Tessera no es la única compañía que está investigando el uso de la brisa iónica para enfriar aparatos electrónicos. Un grupo de investigadores del mismo laboratorio de Garimella en Purdue ha logrado hacer una demostración de una tecnología similar, que está siendo desarrollada a nivel comercial por una joven startup del Silicon Valley llamada Ventiva.
No obstante, ninguna de estas tecnologías está realmente preparada para ser usada en la próxima generación de portátiles. El reto principal consiste en asegurar la estabilidad de los electrodos. Los portátiles están diseñados para funcionar por lo menos 30.000 horas, y durante unas pruebas iniciales de los sistemas de enfriamiento iónico, los materiales de algunos electrodos se corroyeron rápidamente. Sin entrar en detalles, debido a que la patente aún está pendiente, Honer afirma que los ingenieros de la compañía han logrado identificar un tipo de material mejor y que se están centrando en optimizar la duración de los componentes.
Otro problema que afecta a esta tecnología consiste en la acumulación de polvo. Honer afirma que sus ingenieros están intentando asegurarse de que el enfriado iónico “sea tan insensible al polvo como lo son los ventiladores.” Añade que una forma de proteger al sistema frente a partículas potencialmente dañinas es mediante el uso de un filtro.

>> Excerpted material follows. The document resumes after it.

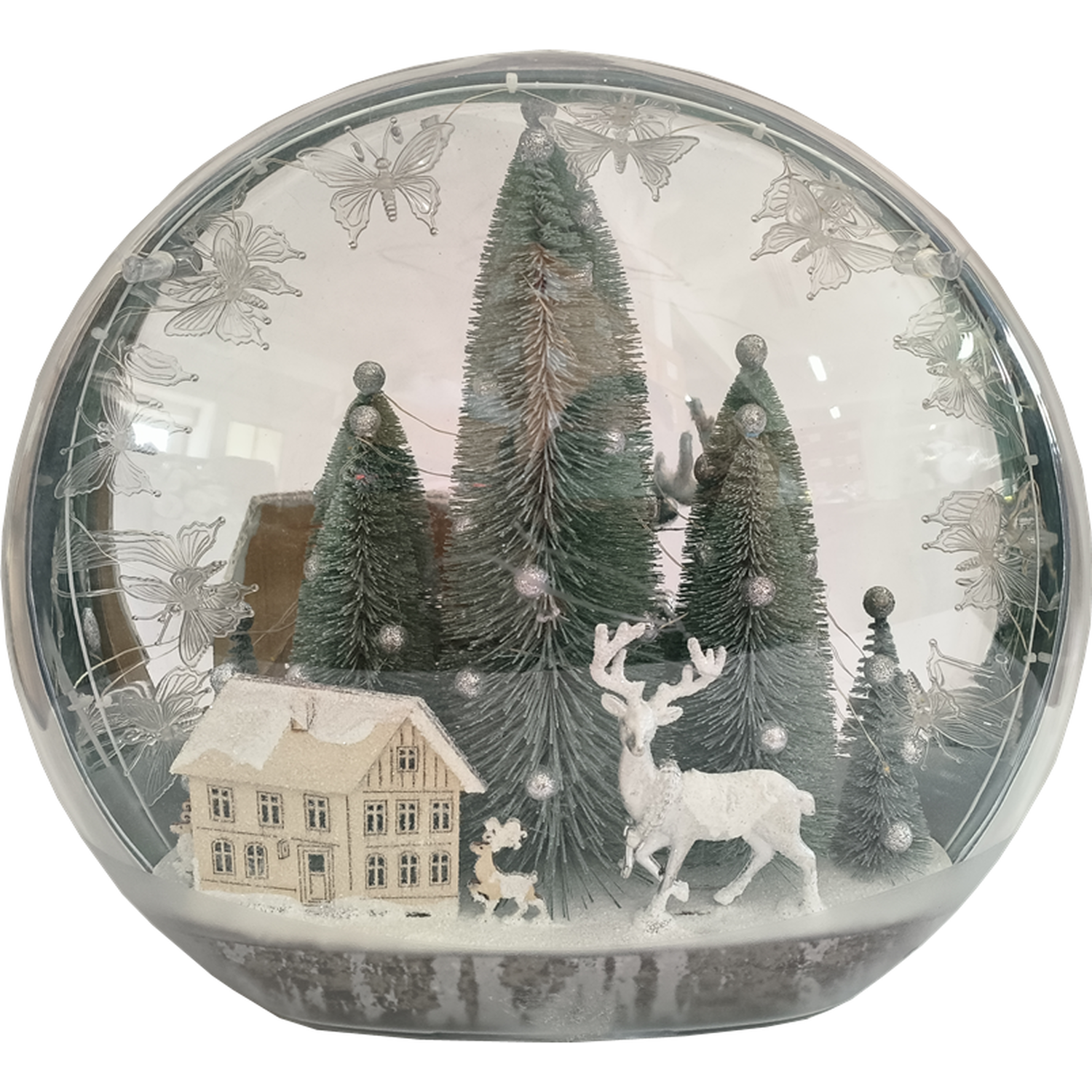 LED House & Reindeer in Forest Scene - Clear Image 2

Según Craig Mitchell, vicepresidente con mayor antigüedad de la división de Interconexión, Componentes y Materiales de Tessera, la compañía tiene previsto “estar preparada para la comercialización el año próximo.” Mitchell no pudo hablar del precio que tendrá el enfriador iónico, pero señaló que estará “en el rango en el que debe estar.”
No obstante, Honer advierte que esta tecnología es aún relativamente joven. “La curva de adopción está aún relativamente en su fase inicial,” afirma.